Minister’s community of squatters defies odds

Minister’s community of squatters defies odds
Judy Peet, Religion News Service
June 29, 2009

LAKEWOOD, N.J. — The vegetable garden is ready to plant, the washer and dryer will be hooked up soon, and Nina the Polish lady figured out how to make cheese from the milk of the new goat, named Molly.

But while residents of what has come to be known as “KP Tent City” search for 20 more chickens “so we have enough eggs to be self-sustaining,” local officials explore ways to “gently” roust what Mayor Robert Singer calls “a nightmare waiting to happen.”

Throughout the country, tent cities have risen in response to troubled economic times and, just as quickly, have been shut down for health and zoning violations. Even the tent camp in Sacramento, Calif., made a national symbol of the recession by Oprah, pulled up stakes in April.

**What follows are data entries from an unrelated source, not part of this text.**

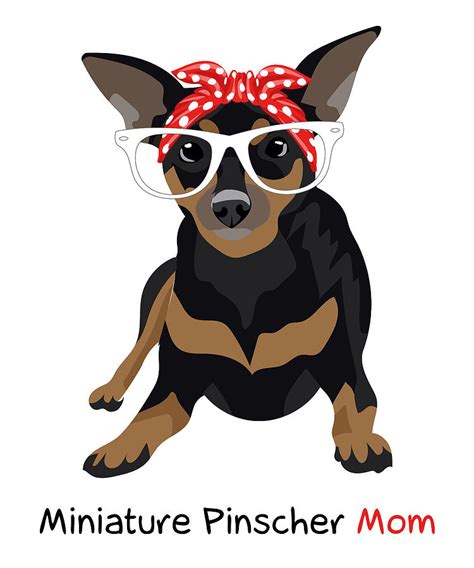 Miniature Pinscher Mom Womens Min Pin Dog Digital Art By Wowshirt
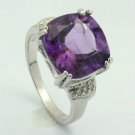 7 Carat Genuine Amethyst Ring Size 6 Platinum over .925 Sterling Silver - New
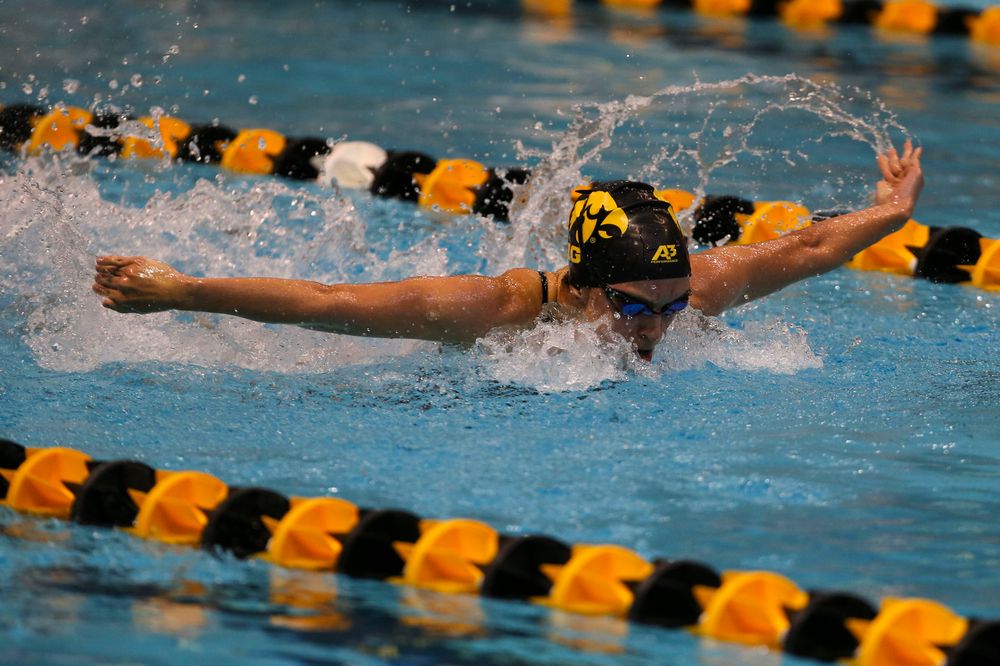 Iowa’s Meghan Hackett  during Iowa swim and dive vs Minnesota on Saturday, October 26, 2019 at the Campus Wellness and Recreation Center. (Lily Smith/hawkeyesports.com)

Here in Lakewood, however, the tent city is now in its second year and becoming more entrenched every day.

The squatters — most chronically homeless — sank a well, rigged up a propane-heated shower and built a food shed.

There is a bathroom tent with a chemical toilet on a wooden platform. There are movies they can watch on a donated television powered by a donated generator.

About 25 tents, a half-dozen teepees and a pop-up camper sit on a few acres of pine forest on the edge of town.

“People are worrying about $400,000 homes and $80,000 cars and they’re just a couple of paychecks away from us,” said “Bootleg Jimmy” Dorsey, 65, whose nickname relates to his drinking habits. “I feel sorry for them. At least we’re used to being poor.”

RNS photo by Aristide Economopolous/The Star-Ledger

Minister Steven Brigham assists fellow camp resident Nina in milking their goat Molly at a tent city in Lakewood, N.J.

Like Bootleg Jimmy, many of the 20 to 30 residents at KP had been on the road most of their adult lives.

“Our goal is to be self-sufficient, responsible and a community,” said Steven Brigham, 48, a nondenominational minister who is the driving force behind KP Tent City. “We are also a reminder. We wouldn’t be here if there were better alternatives for the homeless.”

“Minister Steve,” as everyone calls him, sees himself as a “catalyst for change.” The mayor, meanwhile, calls him an enabler.

“People feel good when they donate stuff to the tent city, but sitting out in our woods is not going to make the lives of these people any better,” said Singer, who has been in Lakewood government for 28 years.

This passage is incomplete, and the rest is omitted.